We describe the development, dependencies, and limitations of HTrack in both neighborhood and apartment complex areas and provide field-level results from its use for the COPA project.
Methods
HTrack development
HTrack was written in R 3.3.2 (R Foundation for Statistical Computing [14]) as a Shiny application [15, 16]. This app was developed in Windows 10 for use on Android tablets and incorporates other programming languages including JavaScript, Python, and HTML to facilitate integration with the Android system. Currently, the app is not supported in iOS systems.
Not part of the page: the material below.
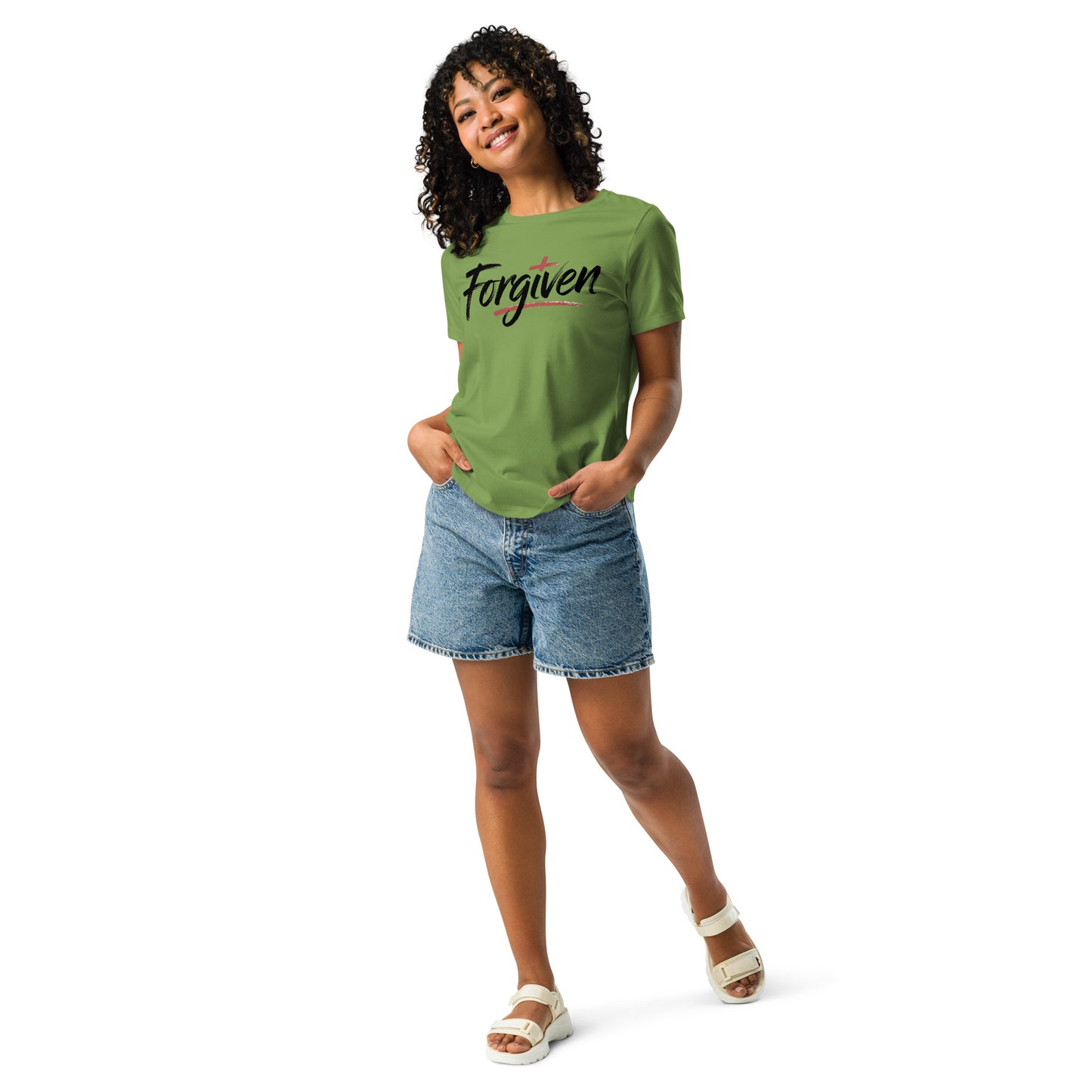 Forgiven Christian women’s relaxed t-shirt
Dependencies and availability
To use HTrack on Android devices, an Operating System (OS) to run R was needed. Currently, R can be installed in Windows OS, Mac OS or Linux OS. However, these are not available on most mobile devices. For Android devices, R was installed via an app called UserLand (v. 2.7.2) [17], an open-source app developed to install several Linux distributions to the device without rooting the device, which was important to maintain the security features required for the project. To streamline and simplify the app launching process, we created several shell scripts that would allow for HTrack to be started through a one-word command. Once started, the app was hosted on an offline local server. An app called DroidScript [18] was used to open that server in the device’s default internet browser (Google Chrome is recommended). Another supporting app, GPS Connected [19], was used to lock the GPS signal of the device while HTrack was used in the field; avoiding loss of GPS signal while moving around different field sites or working in areas where satellite signal was low.
This application was developed for offline use in encrypted Android tablets as needed for the COPA project. However, it can be easily modified to work online on both Windows or Android based devices for any field studies requiring house tracking or site-based data collection. All source code is available at GitHub, https://github.com/dmrodz/htrack. This repository also contains all dependencies and resources needed to be able to setup, run, customize and troubleshoot HTrack. Literacy in R and programming languages mentioned above, together with literacy in different Operating Systems is needed for customization of this application.
Mapping component and data pre-load
A list of coordinates with unique structure IDs and community IDs was used as a pre-load file (.csv) for HTrack. The pre-load file was generated using ArcGIS Desktop [20], where community boundaries were drawn around areas that contained residential structures eligible for recruitment. Individual structures were geo-coded using aerial imagery and visual observation in the field. Structures within each community area were assigned a unique ID (HHID, Household ID), and latitude and longitude of the centroid of each structure were calculated to guide field navigation. In each community, we randomly selected a sufficient number of geocoded structures in order to reach a target of 100 participants per community.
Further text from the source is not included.